Algunos grandes pensadores del mundo antiguo, siendo conscientes del peligro de ser dirigidos por incapaces, proponían la república aristocrática como el mejor sistema de gobierno, que sería liderado por una élite intelectual, diferenciándose así del vulgo y de la masa inculta. A este sistema, defendido por Platón en La República, se le llamó sofocracia o gobierno de los sabios, en oposición al gobierno de los necios.
Es un hecho que la ignorancia es muy atrevida, lo que la hace más peligrosa. La teoría de “la osadía de la ignorancia” se conoce como “Efecto Dunning-Kruger”, que fue descrito por los psicólogos David Dunning y Justin Kruger en 1999, lo que les hizo merecedores, a ambos, del Premio Nobel de Psicología en 2000. Según dicha teoría, los ignorantes son incapaces de reconocer su extrema insuficiencia, tienden a creer que son mejores de lo que son y, además, no reconocen la sabiduría de otros. Como ellos mismos creen que ejercen su trabajo de forma óptima no pueden darse cuenta de que existen mejores formas de hacerlo. La sofocracia es equivalente a la actual noocracia, que está considerada como un sistema social y político basado en la prioridad de la mente humana. En 1987, el sociólogo Benjamín Oltra definió la noocracia como “una nueva clase conformada por los que dominan la inteligencia o la razón ideológica, cosmológica, expresiva, científica, técnica, la imagen cinética y el diseño, como una fuerza productiva y un nuevo poder en los sistemas sociales capitalistas y colectivistas avanzados”.

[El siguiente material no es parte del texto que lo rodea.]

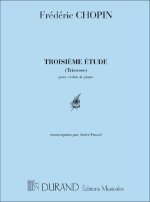 TRISTESSE VIOLON-PIANO  VIOLON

Las personas que tienen disminuida la capacidad metacognitiva para el autoconocimiento, si obtienen poder político dan lugar a la oclocracia o gobierno de la masa, que es una de las formas de degeneración de la democracia. Una viñeta cómica de Ramón lo expresa así:
-¡O nosotros o el caos!
-¡El caos, el caos!
-Es igual, también somos nosotros.
Los dirigentes políticos si son patriotas deberían promocionar a los más capacitados para cada función, sin sustituirlos por quienes simplemente comulgan con su ideología. Poniendo en primer plano el mérito y la ejemplaridad contribuirían a la regeneración de la política.
También sería necesaria una nueva praxis política que profundice en la democratización, fomentando una mayor y más directa participación de los ciudadanos en las decisiones que más les afectan. Esto requiere dejar de votar a unas siglas para hacerlo a candidatos concretos, con nombre y apellidos.